La puerta se cerró de un portazo. Seeley dio un sorbo violento del whisky al mismo tiempo que buscaba en el bolsillo su pitillera de Players. Por una vez me adelanté y saqué la mía y el encendedor, y él se recostó con el cigarrillo sujeto entre los labios.
– Escenas de la vida doméstica -dijo, dando muestras de cansancio-. ¿Me envidia usted, Faraday? No lo haga. Un padre de familia nunca es un buen médico de cabecera; tiene demasiadas preocupaciones propias. Tendría que haber una ley que obligase a los médicos a ser solteros, como los curas católicos. Así serían mejores.
– Ni por asomo se cree usted eso -dije, después de dar una chupada al cigarrillo-. Además, si fuera verdad, yo sería la prueba.
– Bueno, y usted lo es. Usted es mejor médico que yo. Y también le ha costado más llegar a serlo.
Alcé los hombros.
– Esta noche no he sido un brillante ejemplo.
– Oh, trabajo rutinario. Usted saca lo mejor de sí mismo cuando hace falta. Lo ha dicho usted mismo, hay cosas que le ocupan el pensamiento… ¿Quiere que hablemos de ellas? A propósito, no trato de husmear. Sólo sé que a veces ayuda estudiar casos difíciles con otro médico.

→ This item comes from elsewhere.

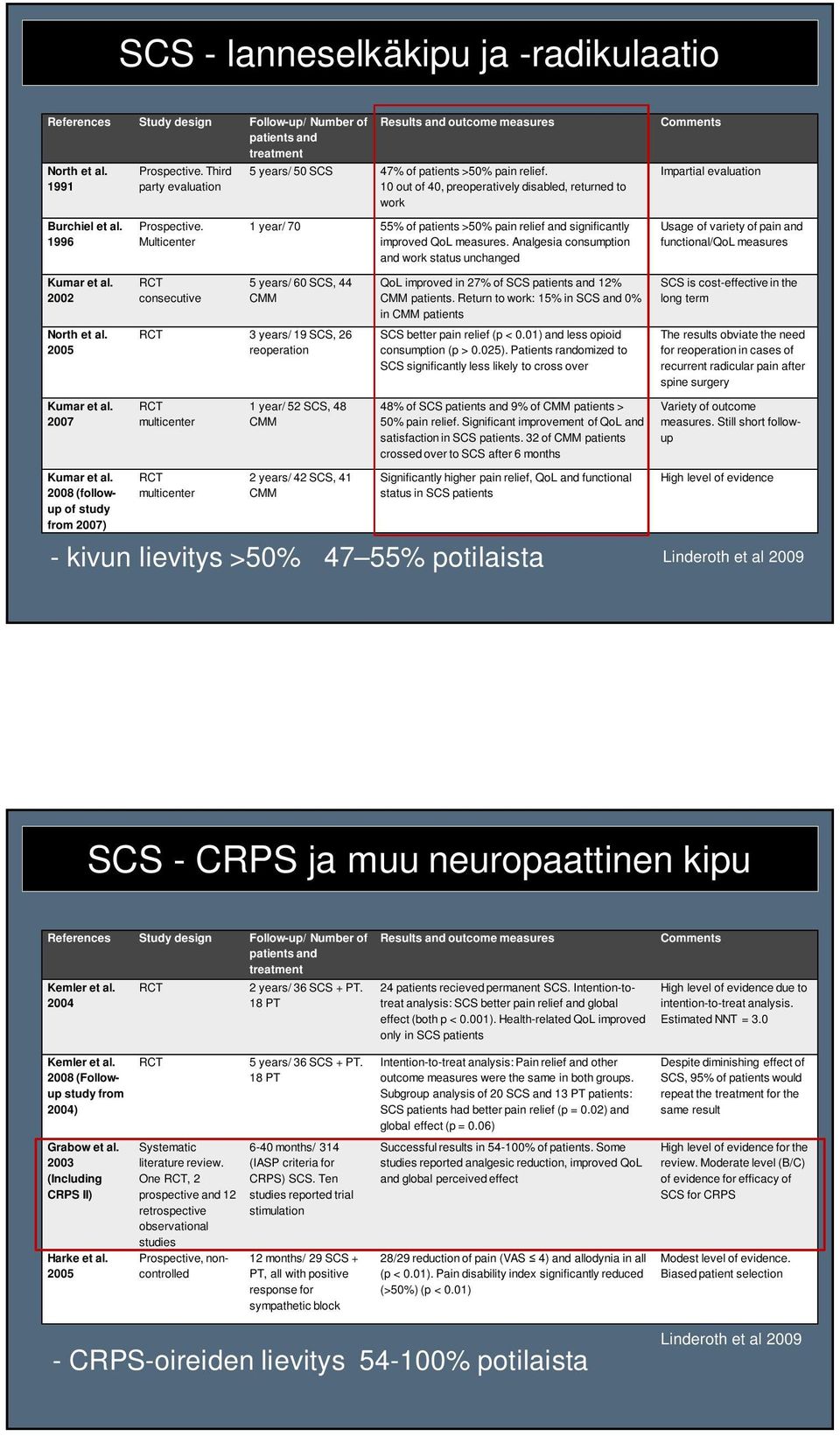 10 out of 40, preoperatively disabled, returned to work 1 year/ 70 55% of patients >50% pain relief and significantly improved QoL measures.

Hablaba con ligereza pero sinceramente, y la pequeña resistencia que yo le estaba oponiendo -una resistencia a sus modales encantadores, su casa desordenada, su hermosa familia- empezó a disiparse. Quizá fue simplemente el efecto del whisky o el calor del fuego. La habitación ofrecía un drástico contraste con mi lóbrega casa de soltero, y también, comprendí de golpe, con Hundreds Hall. Tuve una visión de Caroline y su madre tal como estarían a aquella hora de la noche, encorvadas, quejosas y ateridas en el corazón de aquella casa triste y oscura.
Di vueltas en la mano al vaso de whisky.
– Quizá usted adivine mi problema, doctor Seeley. O una parte de él.
No levanté la vista, pero vi que él levantaba su vaso. Dio un sorbo y dijo, suavemente:
– ¿Se refiere a Caroline Ayres? Pensaba que debía de ser algo relacionado con ella. ¿Siguió usted mi consejo después de aquel baile?
Me moví incómodo, y antes de que pudiera contestarle prosiguió:
– Lo sé, lo sé, aquella noche yo estaba borracho como una cuba y me comporté como un maldito impertinente. Aunque lo dije en serio. ¿Qué ha salido mal? No me diga que la chica le ha dado calabazas. ¿Demasiado agobiada? Vamos, confíe en mí, ahora no estoy bebido. Además…
Ahora alcé la mirada.
– ¿Qué?
– Bueno, es inevitable oír rumores.
– ¿Sobre Caroline?
– Sobre toda la familia. -Habló con más gravedad-. Un amigo mío de Birmingham trabaja a tiempo parcial en la consulta de John Warren. Me habló del terrible estado de Roderick. Un caso peliagudo, ¿no? No me sorprende que haya empezado a deprimir a Caroline. Tengo entendido que ha habido otro incidente en el Hall, ¿no es así?
– Sí -dije, al cabo de una pausa-. Y no me importa decirle, Seeley, que el maldito caso es tan extraño que no sé muy bien cómo abordarlo…
Y le conté una buena parte de la historia, empezando por Roderick y sus alucinaciones, y después le describí el incendio, los garabatos en las paredes, las llamadas telefónicas fantasmas, y le conté sin rodeos la horrible experiencia de la señora Ayres en la antigua guardería. Me escuchó en silencio, a ratos asintiendo, a ratos emitiendo un rugido de risa macabra. Pero la risa desapareció a medida que avanzaba el relato, y cuando terminé permaneció inmóvil un momento y luego se inclinó para sacudir la ceniza de su cigarrillo. Y al recostarse dijo lo siguiente:
– Pobre señora Ayres. Una manera muy sofisticada de cortarse las venas de las muñecas, ¿no le parece?
Le miré.
– ¿O sea que ve así el caso?
– Mi querido colega, ¿cómo, si no? A no ser que la desdichada mujer fuera simplemente víctima de la idea que alguien tiene de una mala pasada. Supongo que habrá descartado esto último, ¿no?